A História de desrespeito praticada pelo Secretário é longínqua e de conhecimento público, notório, filmado e gravado neste Estado. Assim é que temos:
a) Em 1964, o atual Secretário foi acusado da prática de tortura. Alega ele, no entanto, que esta acusação decorre do regime de exceção então instalado no país, versão essa fantasiosa pois fatos posteriores (capturados em áudio e vídeo) demonstram o contrário, ou seja, uma pessoa violenta e arbitrária no comando de uma instituição pública que deveria prezar pela integridade dos cidadãos.
Naquele ano, foi o mesmo demitido do cargo que então ocupava de Professor Interino da cadeira de Direito Usual, do Colégio Comercial Solon de Lucena, conforme cópia do Diário Oficial de 6/10/64. Pasem, Excelência, se como professor ele já era violento imagine no exercício de cargo que melhor lhe proporciona instrumentos para dar vazão a seus “instintos bestiais”;
b) O Jornal “Amazonas em Tempo” de 06/06/98, trazia a seguinte manchete: “Secretário de Segurança do AM é acusado de torturar agente da PF”. A reportagem dava conta que a Federação Nacional dos Policiais Federais havia denunciado o Secretário Klinger Costa, ao MPF, por abuso de autoridade, prisão arbitrária e tortura (inclusive choques) do agente federal Adilson Alberto Gonçalves Filho. Instaurado Inquérito Policial para apurar o caso, e ouvida a vítima esta declarou que se encontrava na companhia de amigos em um bar desta cidade quando policiais militares, trajando coletes da polícia civil, abordaram os frequentadores do local, sob a coordenação do Secretário Klinger Costa. Por entender que a operação era clandestina, o agente da polícia federal, se identificando com tal através de sua credencial, pediu justificativas, havendo sido preso, agredido e insultado, sob a acusação de resistência. Segundo ele, já imobilizado, teria sido agredido pelo próprio Secretário;
c) O CDDPH do Ministério da Justiça recentemente instaurou processo, que está ainda em tramitação, para apurar atos de violência contra o ser humano praticados pelo nominado Secretário, cuja Comissão fora integrada pelo Procurador da República Carlos Frederico Santos e o humanista Hélio Bicudo. As conclusões da referida Comissão são pela prática de atos violadores dos direitos humanos. Inexplicavelmente, este processo encontra-se parado sem qualquer atenção dos responsáveis por seu andamento e conclusão final;
d) Temos em nosso poder, e foi divulgado pela mídia local, filmagens (áudio e vídeo) em que o referido Secretário aparece espancando uma pessoa que supostamente teria assaltado uma casa lotérica. Apesar da robustez e contundência da prova, o Governador do Estado - responsável também por tais arbítrios posto que, podendo evitá-los, se omite - optou pela permanência do Secretário no cargo de confiança a despeito da solicitação de todos os Procuradores da República lotados na PR/AM para que o mesmo fosse afastado, sob a alegativa de que o Secretário deve ser tido como inocente, escudado na previsão constitucional, uma vez que ainda não fora julgado. Ainda não fora nem jamais será, posto que o Tribunal de Justiça deste Estado sequer aprecia as inúmeras denúncias contra ele formuladas, posição que não difere até da adotada pelo Ministério da Justiça;
e) O caso que levou à instauração da Comissão citada na alínea “b” é a existência de uma organização denominada PPK – POLÍCIA PARALELA DO KLINGER, comandada pelo próprio Secretário e integrada, principalmente, por Policiais Militares, à sua disposição. Esta PPK, sempre que os holofotes da mídia nacional se voltam contra esses crimes que lesam a humanidade, se recolhe em suas atividades criminosas voltando a atuar logo que os refletores se apagam.

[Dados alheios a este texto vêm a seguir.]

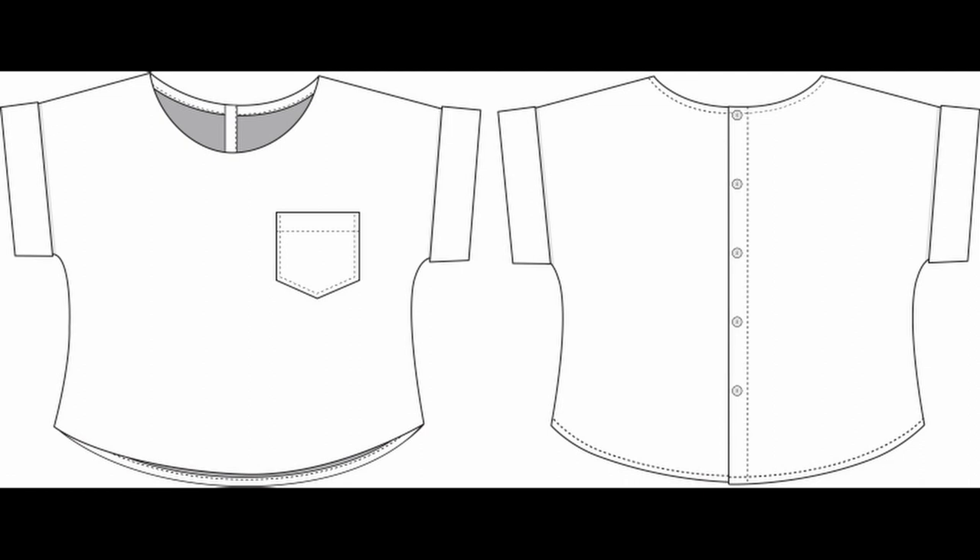Welcome and thank you for joining me for another tutorial. In this one we'll be doing the Bowery Top, which is a comfortable wardrobe staple. It features an optional patch pocket in the front, cuffed sleeves, a curved hemline, and a button placket at the back. This pattern allows a lot of scope for the imagination, so if you like to pattern hack, then you are the artist and this is your blank canvas.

Recentemente, duas pessoas foram presas no interior de um coletivo nesta capital, estando uma delas com uma faca na cintura, razão pela qual foram tidas pelos ocupantes do coletivo como possíveis assaltantes (o fato chama atenção pela singeleza de imaginar-se que duas pessoas iriam assaltar um coletivo com vários passageiros estando apenas uma delas armada com uma faca). Dominados pelos populares, os dois apontados assaltantes foram entregues a policiais lotados no Gabinete do Secretário, ou seja, integrantes da PPK. Uma dessas pessoas veio a falecer ainda durante a prisão, sendo que a outra narrou o que teria acontecido, dizendo ela basicamente o seguinte: que foram espancados pelos militares com um taco de baseball (a única alegativa apresentada pelo comandante dessa equipe, Major PM Itamar Brito Gonçalves, é que ele não possui um taco de baseball, sendo que este é um pedaço de madeira roliça com aproximadamente 80 cm de comprimento, podendo portanto ser qualquer árvore da floresta amazônica cortada com tais características), sendo posteriormente levadas para uma cela na Delegacia de Roubos e Furtos, onde um dos presos, bastante lesionado, veio posteriormente a falecer.
O sobrevivente, menor Ítalo José Cândido Bento (16 anos), que narrou os fatos ao Juiz da Infância e da Juventude, bem como ao Promotor de Justiça Ronaldo Andrade, acusando os policiais ligados ao Secretário, veio, poucos dias após, a ser executado com vários tiros por três homens no bairro em que morava.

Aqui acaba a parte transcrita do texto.